The Los Angeles-based Simon Wiesenthal Center - which has devoted decades to tracking down ex-Nazis - and the Miami-based Targum Shlishi Foundation designed and paid for the advertisement, which included contact telephone numbers of the Lithuanian prosecutors office.

Efraim Zuroff, head of the Wiesenthal Center's Jerusalem office, announced the project to offer money-for-evidence this summer during a visit to Lithuania; he dubbed the program "Operation Last Chance." He said he would run similar advertisements in the other two Baltic countries, Latvia and Estonia.

IOver 90 percent of Lithuania's pre-war Jewish community of 240,000 perished during the Nazi occupation. Zuroff has said none of the Baltic states has done enough to confront the fate of their pre-war Jewish populations after the three nations regained independence during the 1991 Soviet collapse.
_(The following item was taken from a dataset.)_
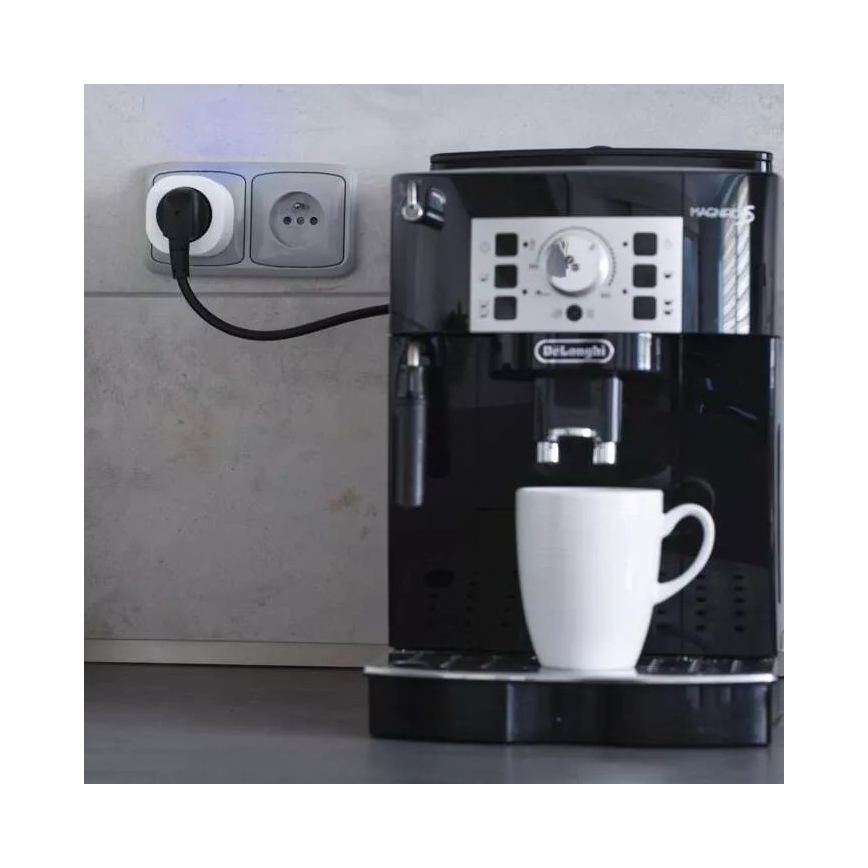 Espresso automat Delonghi Magnifica S je zapojený do inteligentnej zásuvky. Kávovar pripravuje kávu do bieleho hrnčeka. Celá scéna sa odohráva na kuchynskej linke.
Historians say hundreds or possibly thousands of collaborators helped murder Jews in Lithuania, which had one of eastern Europe's largest and most culturally active Jewish communities before the war. After regaining independence, this nation of 3.5 million people promised to try those who participated in the massacre of Jews. Several of men in their 80s and 90s were charged - but only one was ever convicted. No suspects spent any time in prison.